WASHINGTON — House lawmakers voted for a major shake-up of the student loan industry Sunday, ending most private banks' ability to originate lending in the market.
Ending fees paid by the federal government to banks who originate loans will save the taxpayer $68 billion over 10 years, the Congressional Budget Office has estimated.
The overhaul was added to sweeping health care legislation that was narrowly approved Sunday. The portion of the complicated legislative package that includes the student loan changes still must be passed by the Senate.
Those savings will be reinvested in boosting grants for poor students, making a $10 billion payment to the deficit and diverting $9.1 billion to help pay for the Democrats' ambitious health care plan.
The total savings forecast was $19 billion less than the CBO's original estimate of $87 billion in savings made last year. Critics in the lending industry have argued the real savings could turn out to be much lower depending on future interest rate and loan default levels.
A handful of moderate Senate Democrats have expressed unease about rolling the student loan changes into the health care plan. It's possible some may end up voting against the combined package. Given the Democrats have 59 senators, they can afford to lose the votes of up to nine members.

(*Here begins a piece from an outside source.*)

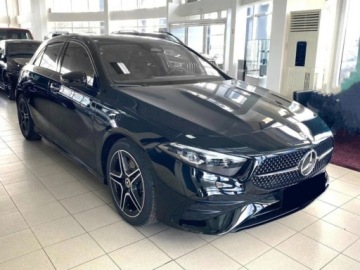 Mercedes Klasa A W177/V177 Hatchback Facelifting 2.0 220 190KM 2025 A Klasa 220 4-Matic AMG Line 2.0 (190KM) 2025, zdjęcie 1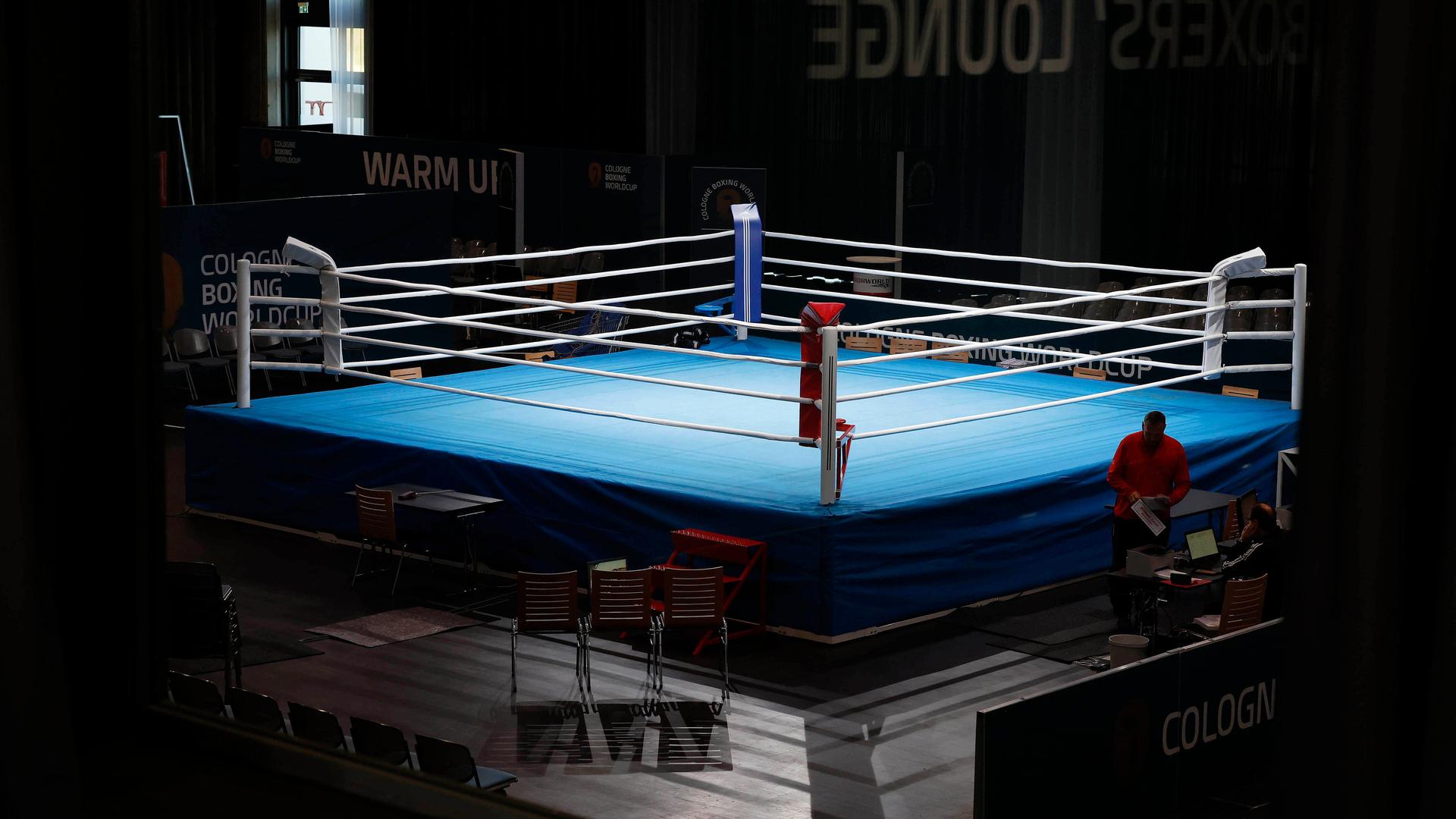 Koeln 02.11.2022 Cologne Boxing World Cup 2022 Pressekonferenz zum Cologne Boxing World Cup 2022 in der Motorworld in Köln Boxring in der Halle der Motorworld in Köln *** Cologne 02 11 2022 Cologne Boxing World Cup 2022 Press conference on the Cologne Boxing World Cup 2022 in the Motorworld in Cologne Boxing ring in the hall of the Motorworld in Cologne Koeln 02.11.2022 Cologne Boxing World Cup 2022 Pressekonferenz zum Cologne Boxing World Cup 2022 in der Motorworld in Köln Boxring in der Halle der Motorworld in Köln *** Cologne 02 11 2022 Cologne Boxing World Cup 2022 Press conference on the Cologne Boxing World Cup 2022 in the Motorworld in Cologne Boxing ring in the hall of the Motorworld in Cologne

The changes would see the Department of Education become virtually the sole provider of student loans through a government-backed program that accounts for the vast majority of loans made.
In New Dakota a state-owned bank which is the largest provider of loans in that state will still be allowed to originate loans.
Elsewhere, not-for-profit and private banks will be able to bid to service the loans after they're made by the federal government.
Lenders have fiercely opposed the changes, arguing they are more efficient at administering the program. They have warned about heavy job losses as a result of the legislation.
Led by SLM Corp., better known as Sallie Mae, the largest student lending firm, the loan industry circulated their own overhaul version, but it failed to gain much traction with Democrats.